James T. Wakley, Deputy Attorney General of the DELAWARE DEPARTMENT OF JUSTICE, Wilmington, Delaware. Attorney for Respondents.
MEMORANDUM OPINION
Pending before the Court is an Application For A Writ Of Habeas Corpus Pursuant To 28 U.S.C. § 2254 ("Petition") filed by Petitioner Harry J. Smith ("Petitioner"). (D.I. 1.) For the reasons discussed, the Court will dismiss the Petition and deny the relief requested.
I. FACTUAL AND PROCEDURAL BACKGROUND
In May 1984, Petitioner pled guilty to first degree burglary and first degree unlawful imprisonment. For the burglary conviction, the Delaware Superior Court sentenced Petitioner to 20 years of incarceration at Level V, suspended after 10 years for 10 years of probation. Petitioner was sentenced to 7 years of incarceration at Level V for the unlawful imprisonment conviction. Smith v. State, 2007 WL 1328843 (Del. 2007).
While on parole from his 1984 convictions, Petitioner was arrested in 1998, and charged with two counts of first degree robbery and related offenses. Petitioner pled guilty in January 2000 to two counts of first degree robbery and two weapon offenses. The Delaware Superior Court revoked the probationary portion of Petitioner's 1984 burglary sentence and sentenced him to 6 years of incarceration at Level V. The Board of Parole subsequently revoked Petitioner's parole with respect to his 1984 burglary conviction and ordered him to serve 2 years, 4 months and 21 days at Level V, representing the remainder of his Level V sentence. Id. at *1. Petitioner did not appeal the revocation of his probation and parole.

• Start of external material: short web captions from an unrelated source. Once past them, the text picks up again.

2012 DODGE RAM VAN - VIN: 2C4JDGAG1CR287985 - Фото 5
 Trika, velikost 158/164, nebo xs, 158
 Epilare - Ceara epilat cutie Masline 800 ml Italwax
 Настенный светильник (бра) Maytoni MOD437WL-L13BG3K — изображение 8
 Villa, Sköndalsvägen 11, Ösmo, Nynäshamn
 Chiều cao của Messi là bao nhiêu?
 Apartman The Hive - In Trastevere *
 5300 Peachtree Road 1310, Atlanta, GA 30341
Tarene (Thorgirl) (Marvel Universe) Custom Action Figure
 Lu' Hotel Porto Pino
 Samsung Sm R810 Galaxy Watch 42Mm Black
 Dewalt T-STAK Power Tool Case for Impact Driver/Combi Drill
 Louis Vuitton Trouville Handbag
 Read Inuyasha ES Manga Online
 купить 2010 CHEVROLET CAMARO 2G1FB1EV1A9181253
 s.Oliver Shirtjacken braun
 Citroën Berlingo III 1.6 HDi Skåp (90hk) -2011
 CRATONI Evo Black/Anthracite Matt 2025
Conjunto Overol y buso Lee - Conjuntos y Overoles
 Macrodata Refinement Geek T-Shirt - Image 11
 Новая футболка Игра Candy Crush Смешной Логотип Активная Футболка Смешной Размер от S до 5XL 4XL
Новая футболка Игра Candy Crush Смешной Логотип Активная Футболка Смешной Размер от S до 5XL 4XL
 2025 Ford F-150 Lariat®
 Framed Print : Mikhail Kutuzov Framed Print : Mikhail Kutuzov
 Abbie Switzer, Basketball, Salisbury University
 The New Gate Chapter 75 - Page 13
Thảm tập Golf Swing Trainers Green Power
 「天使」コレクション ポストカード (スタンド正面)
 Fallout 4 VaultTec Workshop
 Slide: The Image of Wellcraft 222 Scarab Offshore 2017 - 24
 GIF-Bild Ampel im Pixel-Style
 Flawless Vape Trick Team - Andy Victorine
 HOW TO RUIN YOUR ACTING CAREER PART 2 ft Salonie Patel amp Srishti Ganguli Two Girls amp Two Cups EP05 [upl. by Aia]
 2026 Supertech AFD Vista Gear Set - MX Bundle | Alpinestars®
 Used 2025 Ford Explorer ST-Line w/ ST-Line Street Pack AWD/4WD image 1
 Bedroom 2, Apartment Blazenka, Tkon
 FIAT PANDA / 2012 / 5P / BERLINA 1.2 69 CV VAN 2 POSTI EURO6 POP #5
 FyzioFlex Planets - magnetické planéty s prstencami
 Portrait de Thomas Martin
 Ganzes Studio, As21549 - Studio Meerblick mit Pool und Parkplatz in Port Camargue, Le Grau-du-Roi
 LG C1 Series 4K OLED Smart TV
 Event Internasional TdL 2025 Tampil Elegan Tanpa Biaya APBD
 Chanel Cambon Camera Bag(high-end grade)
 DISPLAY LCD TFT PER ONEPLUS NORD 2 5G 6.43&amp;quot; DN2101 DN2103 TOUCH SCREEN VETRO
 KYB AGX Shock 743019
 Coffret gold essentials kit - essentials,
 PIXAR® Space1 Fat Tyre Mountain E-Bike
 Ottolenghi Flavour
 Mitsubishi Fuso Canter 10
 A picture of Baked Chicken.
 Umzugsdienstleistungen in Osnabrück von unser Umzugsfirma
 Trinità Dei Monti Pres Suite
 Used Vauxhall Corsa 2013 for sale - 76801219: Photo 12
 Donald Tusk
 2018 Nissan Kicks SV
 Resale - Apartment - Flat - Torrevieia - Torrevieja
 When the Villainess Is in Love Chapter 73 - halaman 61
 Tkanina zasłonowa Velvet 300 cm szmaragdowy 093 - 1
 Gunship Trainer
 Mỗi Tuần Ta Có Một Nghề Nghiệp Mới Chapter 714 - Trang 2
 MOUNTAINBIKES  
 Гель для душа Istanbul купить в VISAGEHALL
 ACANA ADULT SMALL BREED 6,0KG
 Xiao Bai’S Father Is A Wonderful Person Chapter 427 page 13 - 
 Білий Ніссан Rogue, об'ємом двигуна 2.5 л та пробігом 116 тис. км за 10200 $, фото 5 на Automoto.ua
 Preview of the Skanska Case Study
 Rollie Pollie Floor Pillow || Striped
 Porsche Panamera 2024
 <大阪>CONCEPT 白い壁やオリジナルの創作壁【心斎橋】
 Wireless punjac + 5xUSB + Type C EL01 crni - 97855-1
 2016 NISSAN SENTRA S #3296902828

Instead, Petitioner filed the following motions for modification of sentence and petitions for the writ of habeas corpus in the Delaware Superior Court: (1) January 27, 2000 — petition for the writ of habeas corpus; (2) February 25, 2000 — motion for modification of sentence; (3) July 12, 2000 — petition for the writ of habeas corpus; and (4) January 19, 2001 — motion for modification of sentence. The Superior Court denied all of these motions and petitions, and Petitioner did not appeal any of these decisions. See Smith v. Carroll, 2005 WL 2508566 (D. Del. Oct. 7, 2005).
On May 13, 2002, Petitioner filed a motion for modification/correction of sentence, which the Superior Court denied on August 5, 2002. Petitioner appealed, and the Delaware Supreme Court affirmed the Superior Court's decision. Smith v. State, 812 A.2d 900 (Table), 2002 WL 31795960 (Del. Dec. 13, 2002).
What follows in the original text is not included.